Pupae are sorted using a device called a larval-pupal separator. Essentially, it is made of two rectangular glass plates, mounted on two aluminum legs, with a space between them. Its width, narrower on top, is controlled by two knobs on the front. When poured into the top, larger females are caught on top and males filter down below. Turning the knobs releases the whole batch for collection.

Producing enough mosquitoes for the research mimics to some extent how eggs hatch in the wild. Laboratories that raise mosquitoes generally trigger hatching by subjecting eggs to deoxygenated water. It appears that in nature low dissolved oxygen signals that water is chock full of anaerobic bacteria, on which mosquito larvae feed. Meanwhile, eggs used in the study were flooded with a nutrient slurry that substitutes for bacteria, promoting the synchronous hatching necessary for mass production.

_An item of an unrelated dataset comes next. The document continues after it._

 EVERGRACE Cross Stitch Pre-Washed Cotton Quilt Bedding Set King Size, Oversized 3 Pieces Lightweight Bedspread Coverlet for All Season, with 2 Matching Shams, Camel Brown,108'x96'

Part of the study addressed how long it took for males to recover from cold temperatures needed to render them dormant. Says Morreale, “This was important because we needed to see how long we had to work with males that had been in the refrigerator for varying lengths of time before they started to move again. This factors into adult handling so that we can move the males from emergence containers to the irradiation containers where they will also be compacted. Males in chill coma are easy to work with and you don’t have to worry about them flying away.”

When recovering from chilling, mosquitoes are on their back, with their legs and wings jerking at first. Once they self-right, they are capable of coordinated movement, strolling about a bit before they take flight—hopefully, in this case, to help health authorities in the fight against disease.